The stakes of the pageant partly explain this response. Twenty-seven years, 23 major championships, and a vaguely imminent retirement can turn even the coldest cynics into romantics. Still, it felt like Wednesday’s match was something more, something shared, tied to Williams’s professional arc and the public’s various connections to it. For the better part of two decades, her most effective gift has been her ability to yank planets into her orbit, to make the game hers and—through sheer strength of will and charisma—to make it ours as well. Wednesday’s match wasn’t the biggest win of Serena’s career, but it might be the one we remember the most, for the simple fact that it’s the one that we couldn’t help but live and die by.
Tiger was there, in the box with Venus and Oracene. Zendaya was there too. Dionne Warwick, Gladys Knight, and Spike, courtside, as always. Things were hushed to start; the first three games both players held serve, and folks filed in a tad late, but by the forth game the stadium sizzled. A note I made, around the time that Serena failed to capitalize on three break points in the seventh game of the first set: “It seems the crowd is loudest when it is trying to pick her up.”
In hindsight what is easy to miss about this first set is the degree to which Serena paced herself, the amount of times she grabbed a towel from the side of the stadium, or restrained her gait between shots. She was conserving energy, furtively so. The crowd attempted to fuel her. When she broke Kontaveit in the ninth game, my ears rang in a way I did not know was possible; the collective gasp-and-scream that surged through the rows came as the wind might. When she gave the break right back in the next game, the tension between points hung about in the air. Williams eventually held serve and sent the set to a tiebreaker. When she won it, the earth shook.
Here’s my mea culpa. After that first break in the second set, I thought she was going to lose. I know the vast and expansive history of folks who’ve lost their money betting on the downfall of Serena Jameka Williams, and if you’d let me in that moment, I would’ve bet on her downfall all the same. She’d lost her serve. She was down two breaks after three games. Kontaveit had siphoned the air out of the stadium. People kept looking up at the stars through the open roof, like they were awaiting celestial assistance, and the Estonian kept whipping scorchers and darts, wrist and arm movements, and a general apathy for the mood of the evening. After what felt like her first ace of the set, Serena threw her hands up to the sky. She lost the set, 2-6.

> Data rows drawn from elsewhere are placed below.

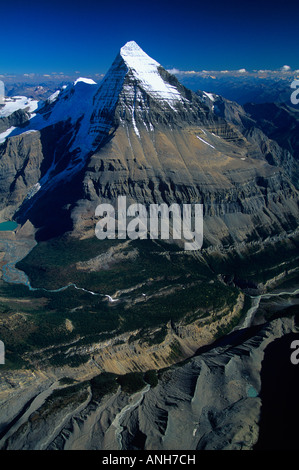 Vue aérienne de Mont Robson, Rocheuses canadiennes, de la Colombie-Britannique, Canada. Banque D'Images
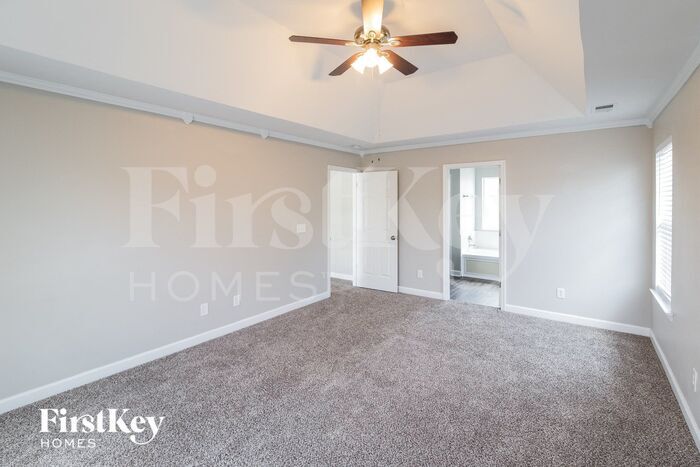 Building Photo - 203 Curico Ln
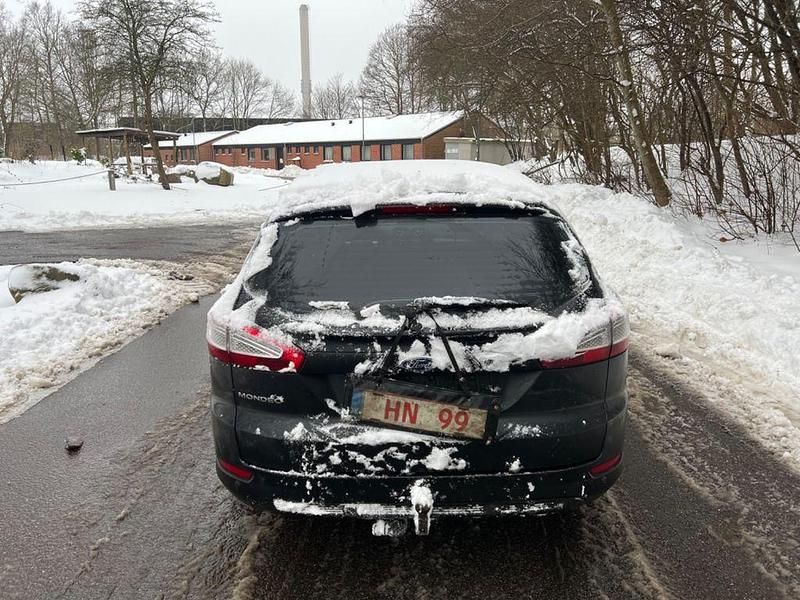 Gebraucht Ford Mondeo Champions Edition 163 PS (119 kW) 2013 Schwarz Limousine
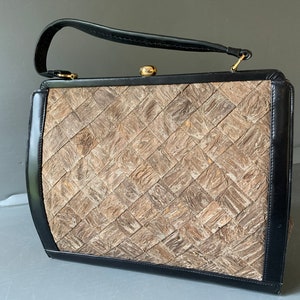 Gorgeous vintage purse - treebark or paper exterior - suede lining - by Gigi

Can Serena take this into her own hands? is the question I asked myself at the time. What a ridiculous thing to wonder in the year 2022—to need to know, and want to know, and have to genuinely proffer. There was a moment in the second game of the final set, after Serena had held serve and was looking to break Kontaveit, to somehow put a thumb on the scales of momentum and hold it, when she began to direct the crowd. They boo a tight call and she holds her hand in the air to silence them. She pumps her fist and they return, the wind at her back. I cannot remember much from the second the dam burst but this: A man to my left with a black mask and gray collared shirt was full-throat screaming. You could see it from his jugular. I recall this, and the sloping sections of the stadium, and the realization that we are all the man with a black mask and gray collared shirt: Everybody’s screaming.
The rally stretched an eon. Serena’s capacity as a returner—how she wields flexibility and muscle memory to reclaim subterranean shots with a flick or a heave—is nothing less than staggering. (“Serena just upped her game,” Kontaveit would later say, before she dropped her head, sobbing, and exited the press conference.) The crowd erupted, arms waving, dancing, jiggling. She broke, 3-1. Phones were out, the people were on their feet. Both players held serve, back to back. 4-2. Tiger’s fist was pumping, and Serena wasn’t wearing red, but she might as well have been. She held again. 5-2.
Kontaveit melted in the last game. Triple match point. I could not tell if the buzzing in my chest was from the swarm of applause swirling around Arthur Ashe Stadium or a stew of butterflies bubbling in my rib cage. Someone just screamed, “Finish her.” 6-2, game, set, match.
Postgame, Mary Joe Fernández asked Serena how she was able to take her game to another plane. The 23-time champion burst out laughing.
She’s been mining this forever.
“I’m a pretty good player,” Serena said.
Her timing couldn’t have been better.